→ Required action
Only an exact copy is wanted: the lines from the one holding "Pórtico Octávia Porticus" through the last line below, minus the pictures.

Short web captions
━━━━━━━━━━━━━━━━
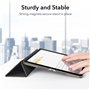 ESR Coque avec Rabat à Trois Volets Compatible avec iPad 9e/8e/7e Génération sorti en (2021,2020, 2019), Auto Veille/Réveil, Étu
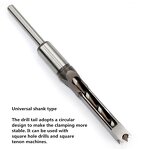 Square Hole Drill Set Supplier - Auger Mortising Chisel Drill Kit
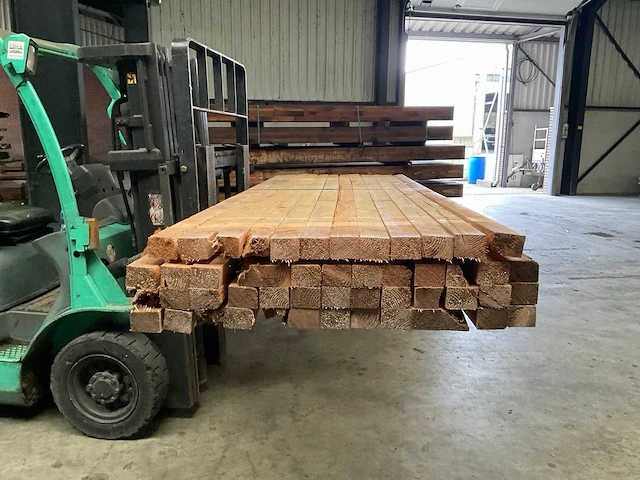 Vuren balk 300x9x7 cm (52x) - afbeelding 5 van  7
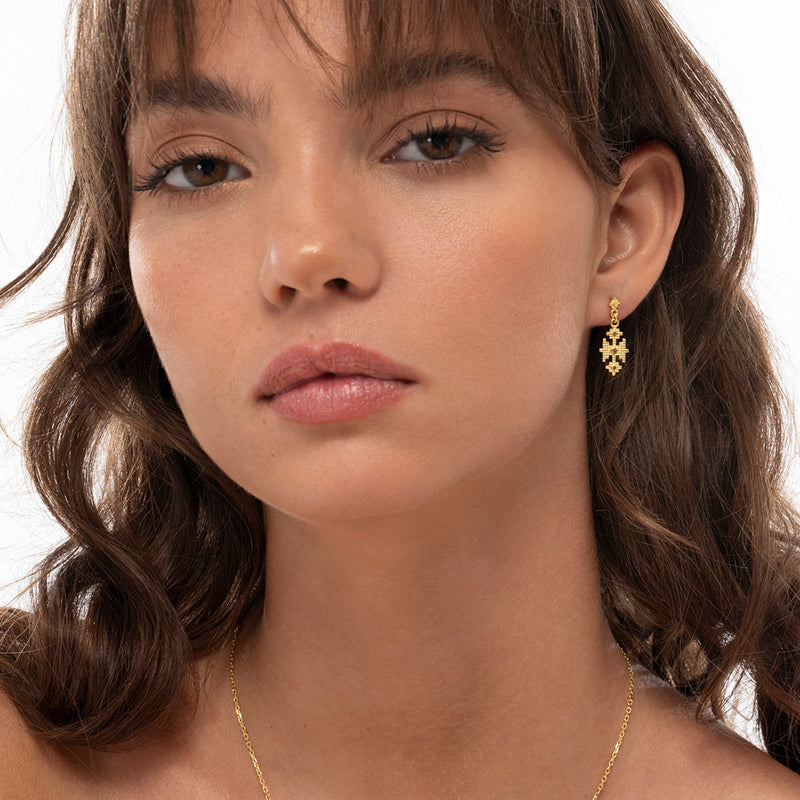 Zoe & Morgan Pisac Earrings - Gold Plated - Earrings - Walker & Hall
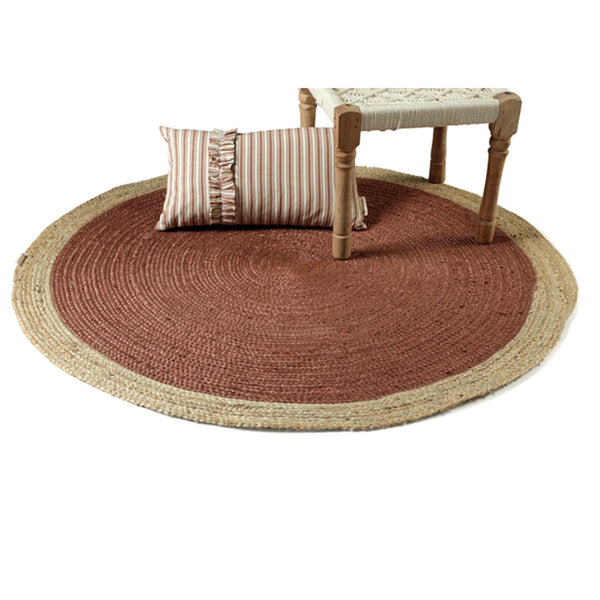 Buy Bestrew Jute Rug ( Rust) | Shop Verified Sustainable Mats & Rugs on Brown Living™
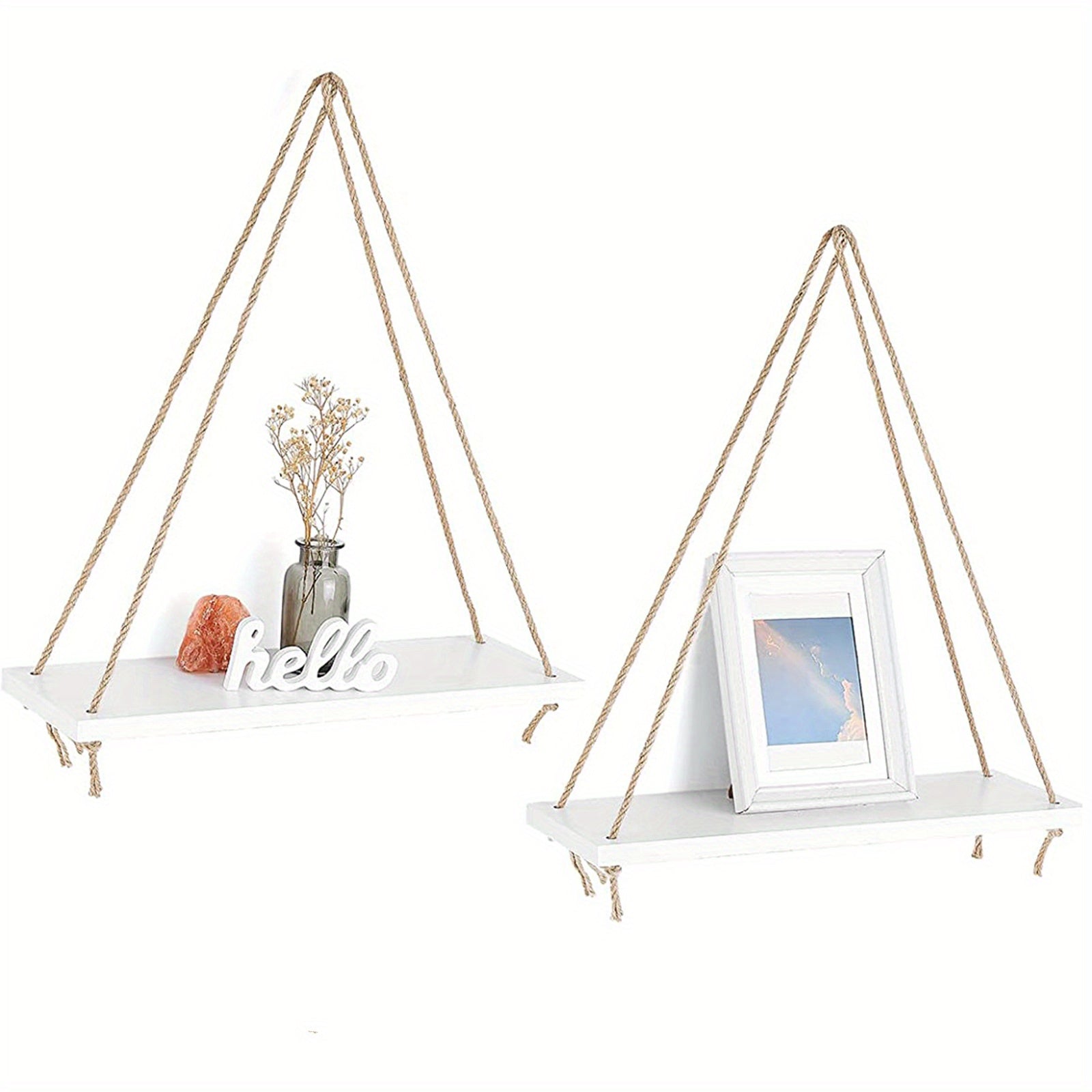 PastellLeben: Hanging Wall Shelves – Stylish, Low-Maintenance & Decorative for Plants, Pictures & Living Spaces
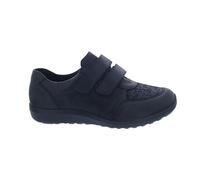 Waldläufer M-IRA Vega 815M30-304-001 Chaussures basses en cuir lisse Noir OrthoTritt Largeur M, Noir , 37.5 EU Large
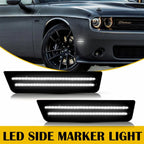 2X Smoke Side Marker Lights for Dodge Challenger (2008–2014) LED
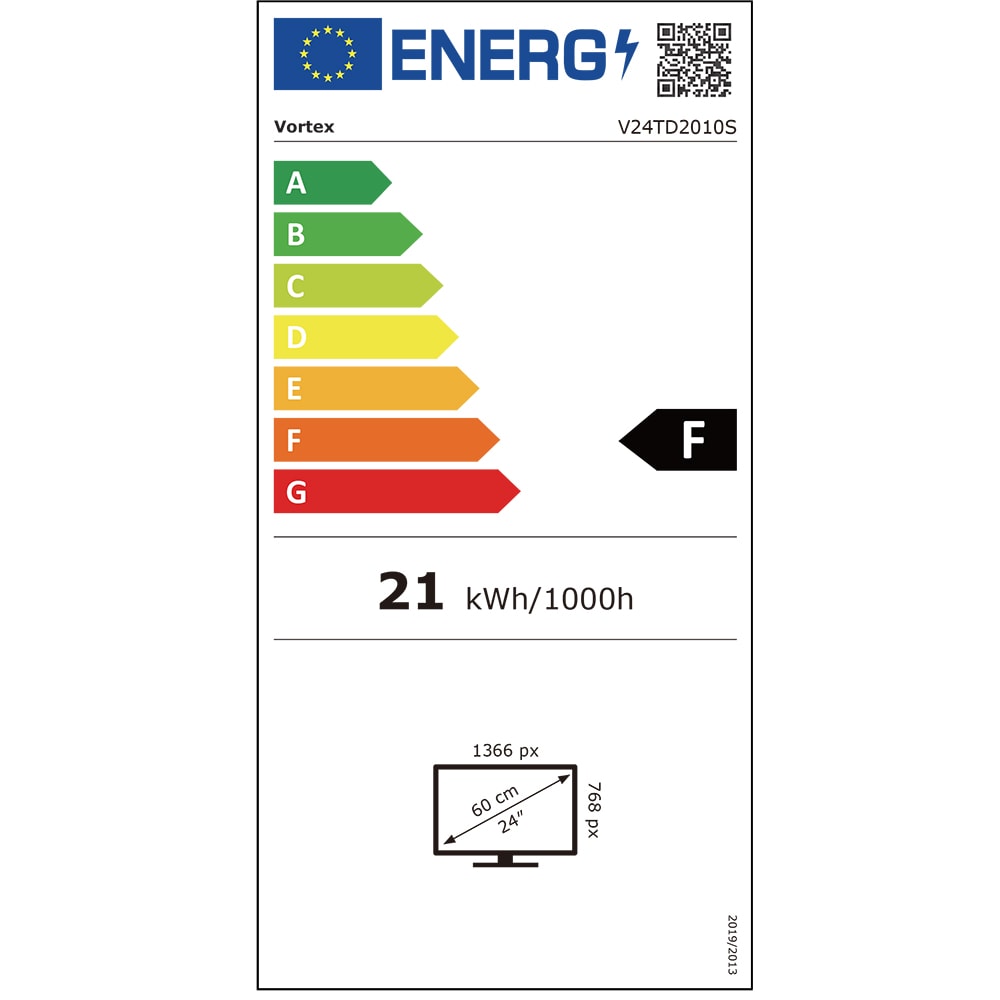 Televizor LED Smart VORTEX V24TD2010s, HD, 60cm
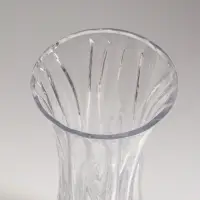 Ваза стекло настольная "Эбба" 25х12 см, прозрачный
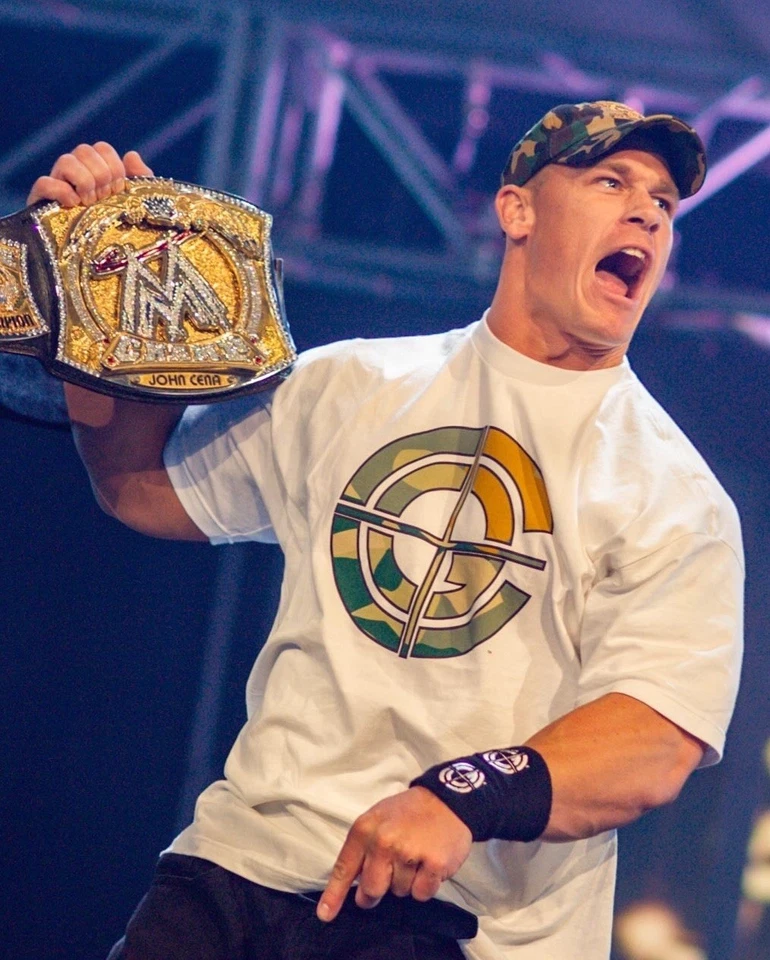 Impresión fotográfica de John Cena 8x10 La última vez es ahora PÓSTER DEL ÚLTIMO PARTIDO WWE RAW CHAMP WWF Foto 1 de 1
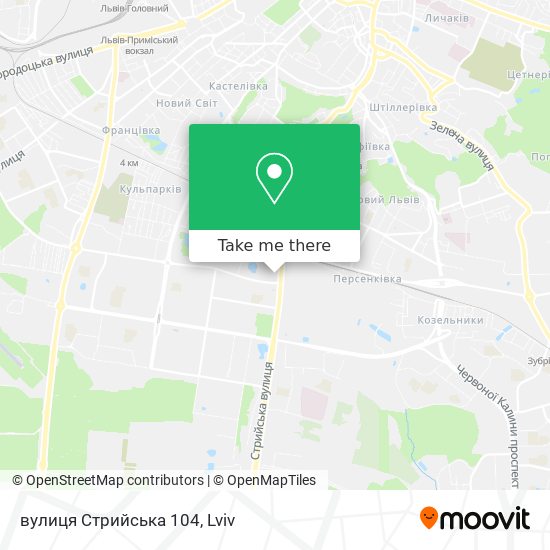 вулиця Стрийська 104 map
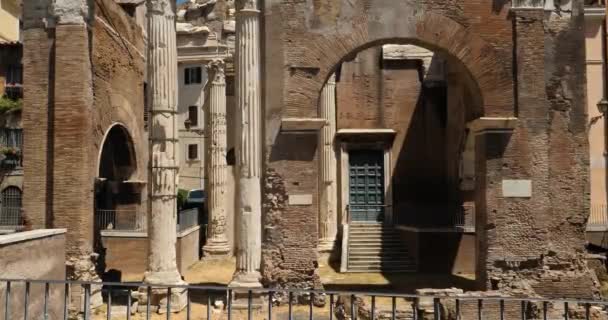 Pórtico Octávia Porticus Octavia Porticus Octaviae Localizado Perto Teatro Marcelo — Vídeo de Stock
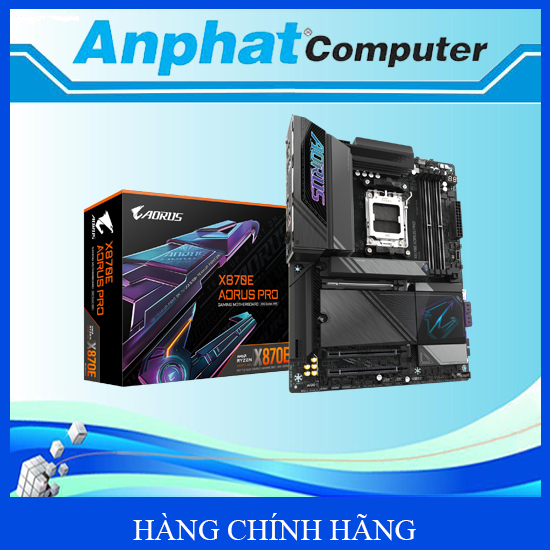 Bo Mạch Chủ Main Gigabyte X870E AORUS PRO Socket AM5 - Hàng Chính Hãng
━━━━━━━━━━━━━━━━
→ Expected answer
 Pórtico Octávia Porticus Octavia Porticus Octaviae Localizado Perto Teatro Marcelo — Vídeo de Stock
 Bo Mạch Chủ Main Gigabyte X870E AORUS PRO Socket AM5 - Hàng Chính Hãng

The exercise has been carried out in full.